Lifestyle

Man returns library book borrowed by mom 84 years ago

Better very late than never.

A book that had been checked out of a library in Shreveport, La. — 84 years ago — was recently returned to startled librarians.

The prodigal book, a slightly battered, 1915 edition of Spoon River Anthology by Edgar Lee Masters, was found, and returned, by an unnamed man who’d been cleaning out his mother’s house, according to staff at the Shreve Memorial Library.

His mother had checked it out when she was just eleven years old, and the accompanying library card was stamped “Due April 14, 1934.”

“Five cents a day is charged for each book kept overtime,” a card-holder glued into the book instructs.

At that rate, a fine of more than $1,500 would be owed, the Shreveport Times reported.

But the library’s current maximum fine is $3. And even that amount was waived, the paper reported.

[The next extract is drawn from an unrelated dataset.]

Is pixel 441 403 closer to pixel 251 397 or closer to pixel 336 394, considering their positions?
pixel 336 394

Photos of the book were posted recently to the library’s Facebook page, along with a note written by the librarian who accepted it earlier this week.

“Patron’s mother checked out book in 1934, when she was 11 years old,” the note read.

“Patron found it when cleaning out the house & returned to Main [library] 10/1/2018.”

Even though it’s a first edition, it’s in “pretty rough shape,” so probably not worth much, a library staffer told the Associated Press.

“Spoon River Anthology” is a book of free verse by Edgar Lee Masters, with each poem written from the viewpoint of a dead person in the imaginary town.

“We thought that the title was appropriately spooky to turn up again after all this time right around Halloween,” the library posted on Facebook.

When a Facebook user asked what would happen to the book now, a staffer responded that it will remain out of circulation.

“The binding is loose and it is an old book, so it has been decommissioned,” the staffer wrote.

The library still charges just five cents a day for overdue books.